This article is my response to the Ministry of Testing’s blogging challenge: How we hacked a tool to make it work for us. First, I’ll go into tools in general a bit, and then give two examples of how I have used tools in slightly non-standard ways. I’ve written a bit about tools already, but not in this context. Using tools in interesting ways or combining them is something that happens in the physical world, so it’s not surprising that we carry that idea over to software. This is things like saw + mitre block or hammer + chisel – the tools enhance each other.
There are tools such as Emacs, Visual Studio and VS Code that are like Swiss Army knives, in that they try to solve many problems on their own. I’ve used all three and like all of them, and often they’re just the tool for the job. But sometimes they have a gap, or it’s quicker or easier to use a different approach. This is often where tool hacking comes in.
It’s not a term I’ve used before, but I’m taking it to mean keeping software tools as they are (rather than re-wring them, for instance) but using them in interesting ways. In my experience, this has usually been through combining two tools to solve a problem better than either tool could do on its own.
This fits with the UNIX philosophy of tools that can be composed, where each tool is focussed on doing one job well and can play nicely with other tools. In the case of UNIX, this playing nicely with others is a standard set of input / output interfaces between a tool and other tools / the file system / the screen / the keyboard. Tools can be combined easily into pipelines, where the output of tool A becomes the input to tool B and so on.

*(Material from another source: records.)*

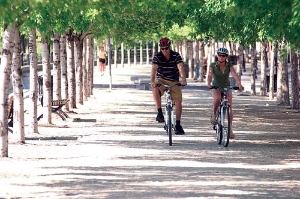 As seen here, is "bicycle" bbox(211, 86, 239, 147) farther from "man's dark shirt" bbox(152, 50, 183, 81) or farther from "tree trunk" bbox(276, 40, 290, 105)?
"tree trunk" bbox(276, 40, 290, 105)

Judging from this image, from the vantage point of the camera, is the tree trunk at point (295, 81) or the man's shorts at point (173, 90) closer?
the man's shorts at point (173, 90)

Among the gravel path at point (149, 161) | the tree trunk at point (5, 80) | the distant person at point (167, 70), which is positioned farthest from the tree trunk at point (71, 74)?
the tree trunk at point (5, 80)

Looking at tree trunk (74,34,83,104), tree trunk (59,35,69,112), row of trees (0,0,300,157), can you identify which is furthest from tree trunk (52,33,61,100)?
tree trunk (74,34,83,104)

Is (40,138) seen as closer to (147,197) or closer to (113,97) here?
(147,197)

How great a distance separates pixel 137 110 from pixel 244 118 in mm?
5204

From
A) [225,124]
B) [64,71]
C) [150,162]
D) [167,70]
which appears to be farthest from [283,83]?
[150,162]

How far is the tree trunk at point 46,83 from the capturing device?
26.1 m

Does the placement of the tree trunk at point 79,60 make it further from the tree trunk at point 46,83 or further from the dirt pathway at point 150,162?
the tree trunk at point 46,83

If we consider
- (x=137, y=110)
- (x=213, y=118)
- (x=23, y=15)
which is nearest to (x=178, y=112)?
(x=213, y=118)

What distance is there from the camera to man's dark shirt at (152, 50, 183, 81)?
66.5 feet

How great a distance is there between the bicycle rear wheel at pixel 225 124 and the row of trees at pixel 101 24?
143 cm

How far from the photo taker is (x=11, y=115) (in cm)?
2369

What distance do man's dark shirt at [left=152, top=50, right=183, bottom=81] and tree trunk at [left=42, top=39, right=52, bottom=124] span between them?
594 cm

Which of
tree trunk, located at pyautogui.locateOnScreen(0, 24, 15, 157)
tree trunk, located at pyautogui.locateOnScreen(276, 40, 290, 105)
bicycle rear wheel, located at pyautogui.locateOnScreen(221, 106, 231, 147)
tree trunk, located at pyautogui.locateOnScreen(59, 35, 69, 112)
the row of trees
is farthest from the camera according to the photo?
tree trunk, located at pyautogui.locateOnScreen(276, 40, 290, 105) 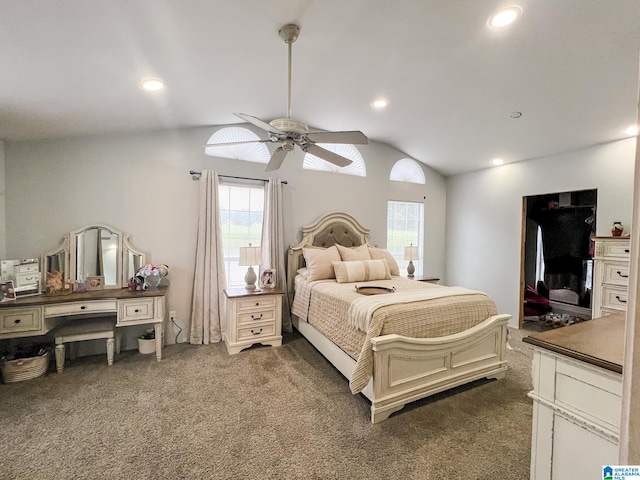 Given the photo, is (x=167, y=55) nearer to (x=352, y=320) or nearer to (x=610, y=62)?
→ (x=352, y=320)

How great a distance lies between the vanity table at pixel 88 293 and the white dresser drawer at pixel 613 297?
16.1ft

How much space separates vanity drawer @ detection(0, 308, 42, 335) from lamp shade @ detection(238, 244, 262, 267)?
6.16 ft

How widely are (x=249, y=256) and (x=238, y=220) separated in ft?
2.40

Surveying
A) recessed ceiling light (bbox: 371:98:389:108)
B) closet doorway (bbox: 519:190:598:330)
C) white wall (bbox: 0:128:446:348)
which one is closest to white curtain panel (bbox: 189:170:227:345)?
white wall (bbox: 0:128:446:348)

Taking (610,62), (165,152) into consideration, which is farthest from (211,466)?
(610,62)

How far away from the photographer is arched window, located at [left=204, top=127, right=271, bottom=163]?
369 centimetres

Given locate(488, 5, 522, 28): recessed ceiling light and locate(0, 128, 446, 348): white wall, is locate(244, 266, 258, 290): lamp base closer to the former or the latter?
locate(0, 128, 446, 348): white wall

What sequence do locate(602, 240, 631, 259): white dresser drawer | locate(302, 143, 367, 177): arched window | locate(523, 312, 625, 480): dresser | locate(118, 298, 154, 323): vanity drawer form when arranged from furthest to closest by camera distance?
locate(302, 143, 367, 177): arched window
locate(602, 240, 631, 259): white dresser drawer
locate(118, 298, 154, 323): vanity drawer
locate(523, 312, 625, 480): dresser

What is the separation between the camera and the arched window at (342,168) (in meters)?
4.23

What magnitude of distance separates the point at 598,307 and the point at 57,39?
17.6ft

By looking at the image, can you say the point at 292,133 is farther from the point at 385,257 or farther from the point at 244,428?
the point at 385,257

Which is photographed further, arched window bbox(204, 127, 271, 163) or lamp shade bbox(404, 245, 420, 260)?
lamp shade bbox(404, 245, 420, 260)

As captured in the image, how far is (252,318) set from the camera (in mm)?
3291

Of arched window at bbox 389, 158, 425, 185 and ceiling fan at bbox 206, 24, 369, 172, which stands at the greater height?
arched window at bbox 389, 158, 425, 185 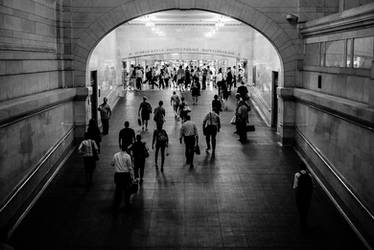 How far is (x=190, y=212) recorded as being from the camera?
34.8 feet

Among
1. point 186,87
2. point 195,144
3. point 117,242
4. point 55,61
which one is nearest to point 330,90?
point 195,144

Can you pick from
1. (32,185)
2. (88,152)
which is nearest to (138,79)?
(88,152)

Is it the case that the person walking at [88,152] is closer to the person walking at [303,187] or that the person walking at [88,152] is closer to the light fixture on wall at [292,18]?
the person walking at [303,187]

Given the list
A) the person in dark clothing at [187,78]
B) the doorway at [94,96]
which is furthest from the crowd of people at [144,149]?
the person in dark clothing at [187,78]

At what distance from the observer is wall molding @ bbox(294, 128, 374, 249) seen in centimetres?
917

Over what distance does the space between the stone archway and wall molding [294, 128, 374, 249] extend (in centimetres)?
249

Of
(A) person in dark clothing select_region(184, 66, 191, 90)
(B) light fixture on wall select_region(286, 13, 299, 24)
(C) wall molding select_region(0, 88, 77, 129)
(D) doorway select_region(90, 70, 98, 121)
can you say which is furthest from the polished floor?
(A) person in dark clothing select_region(184, 66, 191, 90)

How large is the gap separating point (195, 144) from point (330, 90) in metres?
4.21

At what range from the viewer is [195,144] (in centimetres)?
1519

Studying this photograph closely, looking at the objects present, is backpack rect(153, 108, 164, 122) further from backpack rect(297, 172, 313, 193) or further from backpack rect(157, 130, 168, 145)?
backpack rect(297, 172, 313, 193)

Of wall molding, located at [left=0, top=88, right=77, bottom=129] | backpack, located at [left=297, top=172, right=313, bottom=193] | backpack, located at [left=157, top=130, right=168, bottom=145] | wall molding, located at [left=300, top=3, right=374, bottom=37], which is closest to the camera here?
wall molding, located at [left=0, top=88, right=77, bottom=129]

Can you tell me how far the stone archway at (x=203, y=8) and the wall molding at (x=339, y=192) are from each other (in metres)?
2.49

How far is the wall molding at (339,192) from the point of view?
30.1ft

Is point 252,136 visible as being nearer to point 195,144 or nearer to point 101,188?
point 195,144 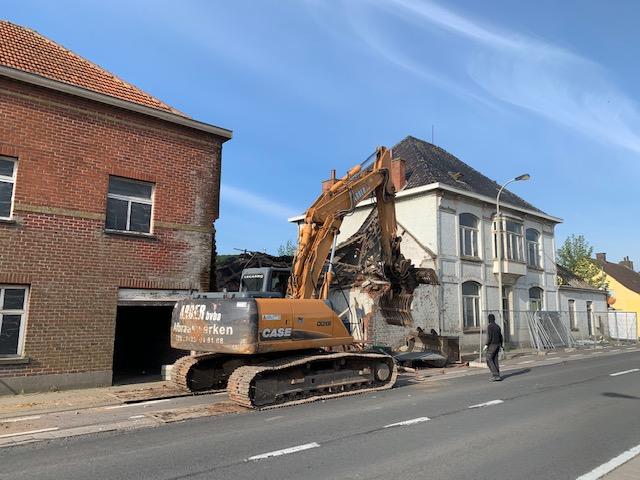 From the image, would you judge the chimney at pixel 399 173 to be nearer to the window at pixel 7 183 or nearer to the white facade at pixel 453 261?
the white facade at pixel 453 261

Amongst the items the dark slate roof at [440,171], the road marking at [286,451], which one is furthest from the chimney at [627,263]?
the road marking at [286,451]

This philosophy has been carried over into PowerShell, which can make it nice to use.
The two examples below don’t take advantage of the UNIX or PowerShell architecture, but they still have to deal with the issue of the interface between tools.
Before I describe the tools for this, I need to explain the problem the tools were helping to solve. In a previous job we had a large code base written in C, divided up into many separate libraries (.so and .a files). Previously this code assumed that text could be stored and processed fine if each character in the text were represented by a single byte. This is great for English and a few other languages, but doesn’t work for all countries and languages.
In order to sell our software in more countries, we had to convert the code so it could use many bytes per character of text i.e. we had to make it multibyte code. The difficulty with this is to do with the compatibility of single byte and multibyte code. Single byte code can call multibyte code, but not vice versa, as single byte code’s behaviour is a subset of multibyte code’s. If we had library A calling library B:
- If we converted B to multibyte and then A, the code would continue to build and pass its tests
- If we converted A and then B, the code wouldn’t compile until both A and B were converted.
So we had to identify all the dependencies between libraries, in terms of A calls B. Not only that, we effectively had to work out the transitive closure of these dependencies. If A calls B and B calls C, we have to do C first, then B, then A. We need to know which libraries are at the bottom of the heap in that they don’t call any other library. Then, when they’re converted, we need to know which libraries call only libraries that have been converted and so on.
With that description of the problem out of the way, here is how we tackled it. We wrote a small C program that would examine the meta data (symbol table) in each library, that kept track of which code in other libraries it called. Each library was examined in isolation, rather than worrying about the big picture in any way. The output of this tool was a text file giving the name of each library and A -> B pairs for all the other libraries it called.
The format of this text file was the input format for GraphViz. GraphViz doesn’t know anything about C libraries, multibyte or single byte code etc. What it can do is take a text file describing blobs and the lines between them, and lay those blobs and lines out on a page so that the blobs aren’t on top of each other and the lines are as short as possible.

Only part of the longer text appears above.